Множественность интерпретаций сопровождала уже первое появление поэмы в официальной печати. Прошедшее с тех пор время не погасило живого интереса к этому произведению: совсем недавно в журнале «Новое литературное обозрение» (2000, № 44) опубликована статья Н.А. Богомолова «Блоковский пласт в „Москве — Петушках“», которая свидетельствует об открытости текста и неисчерпаемости его интерпретации. Временная дистанция делает возможным чисто академический подход к тексту Ерофеева. Богомолов реконструирует отроческое восприятие Ерофеевым Блока и утверждает, что именно с этим связано «вряд ли осознанное, но достаточно отчетливое построение особого „блоковского миф“а в его поэме». Сегодня на первый план выходит не ее социологическая трактовка — как повествования об извечном русском пьянстве, не социально-политические аспекты поэмы, которые так очевидны в пародийно сниженных обильных цитациях из официальной советской пропаганды, из классиков марксизма, из произведений Горького и Маяковского, данных Ерофеевым в их роли основоположников соцреализма, а соотнесенность текста с сюжетами Евангелия (в частности, сюжет воскрешения), аллюзии с творчеством Ф.М. Достоевского, как убедительно показал Н. Богомолов, с лирикой третьей книги Блока. Теперь почти как недоразумение воспринимается аннотация к поэме 70-х годов в каталоге почтенного издательства «YMCA-Press». «Поэма-гротеск об одной из самых страшных язв современной России — о повальном, беспробудном пьянстве изверившихся, обманутых людей». Такая суженная интерпретация — дань извечной проблеме актуальности! Но уже в первое время после опубликования поэмы академические ученые, такие как М. Бахтин и С. Аверинцев, называли поэму Вен. Ерофеева выдающимся явлением отечественной литературы XX столетия, прозревая в этом небольшом тексте глубинные пласты содержания, отдавая должное оригинальной, совершенно неожиданной форме.

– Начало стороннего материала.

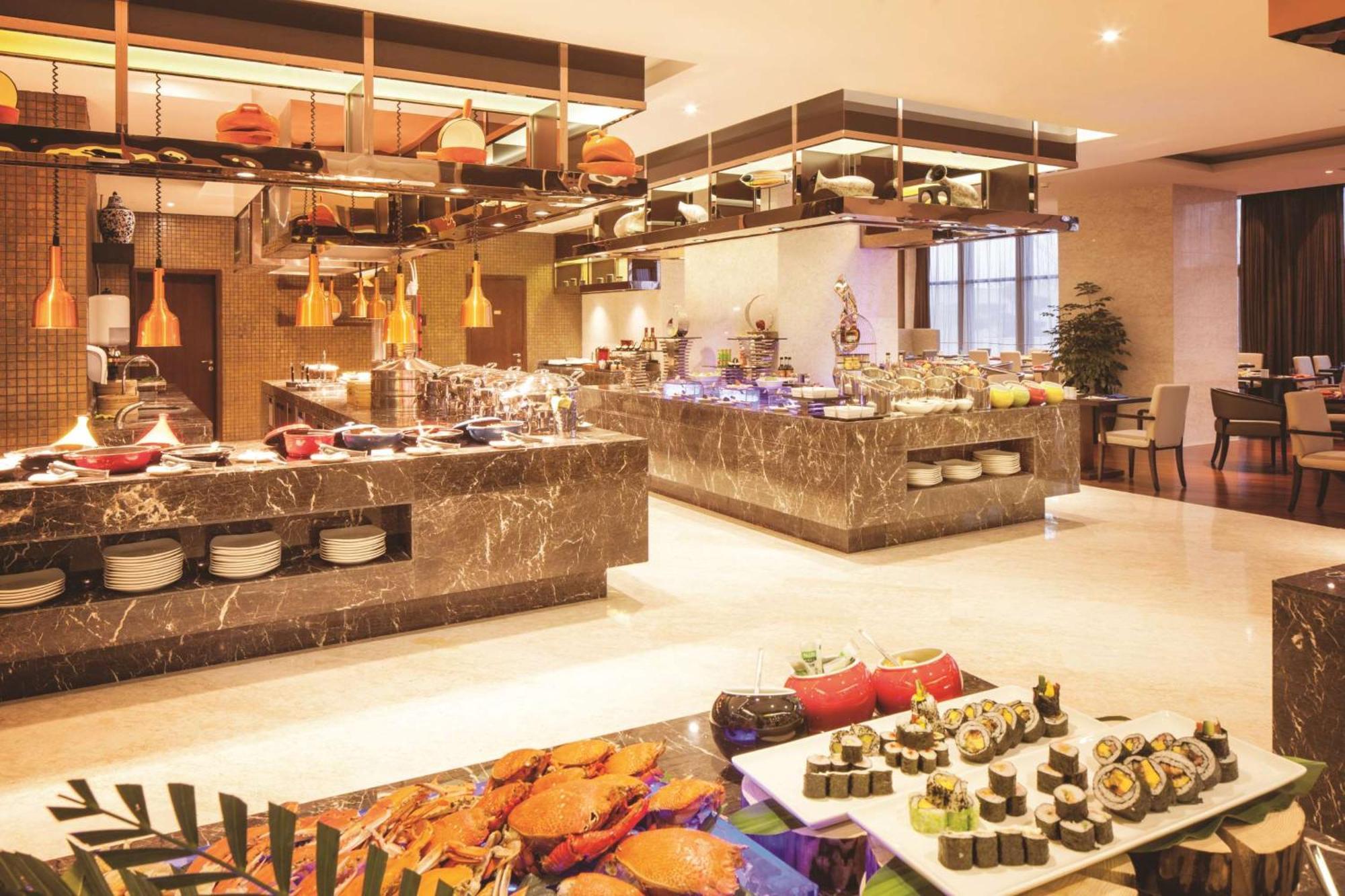 Doubletree By Hilton Anhui Hotell Suzhou  Eksteriør bilde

Первые читатели и первые исследователи поэмы, как уже отмечалось выше, сразу отреагировали на пронизанность текста поэмы «Москва — Петушки» цитатами, приводимыми как дословно, так и с изменениями, сознательными искажениями. Н. Иванова считает, что поэма — «сложно организованный литературный текст, написанный „поверх“ русской и советской литературы». Это, несомненно, так, но кроме этих источников следует назвать и Библейские тексты, античную мифологию, классиков марксизма-ленинизма, и фольклор, и зарубежную литературу от Шекспира до Г. Белля. В комментарии Ю. Левина достаточно подробно и точно расшифровываются эти источники. В русской литературе для Ерофеева особенно близки и необходимы Пушкин и Достоевский. В тексте поэмы цитируются «Евгений Онегин» Пушкина, «Борис Годунов», «Моцарт и Сальери», «Цыганы», «Подражание Корану», а из Достоевского встречаются отсылки к «Запискам из подполья», «Преступлению и наказанию», «Братьям Карамазовым», «Двойнику», «Подростку», «Идиоту». С. Гайсер-Шнитман отмечала: в глаза бросаются явные, скрытые и ложные цитаты, реминисценции, аллюзии, пародии, травести, мистификации, широко использованные ресурсы устной речи: пословицы, поговорки, «крылатые слова», анекдоты, песни... На страницах книги встречается более 100 имен русских и зарубежных писателей, философов, композиторов, политиков, артистов, литературных и библейских персонажей. Названия произведений искусства — книг, опер, картин, фильмов, а также исторические события и имена географических местностей, не связанные впрямую с действием, — образуют группу из более чем 70 наименований.

Цитирование является основным элементом, организующим смысловую и формальную структуру книги. Ю. Левин полагает, что «основным структурообразующим, определяющим и стилистику, и мотивную структуру, и другие структурные элементы» поэмы «Москва — Петушки» является слой подтекстов из Достоевского.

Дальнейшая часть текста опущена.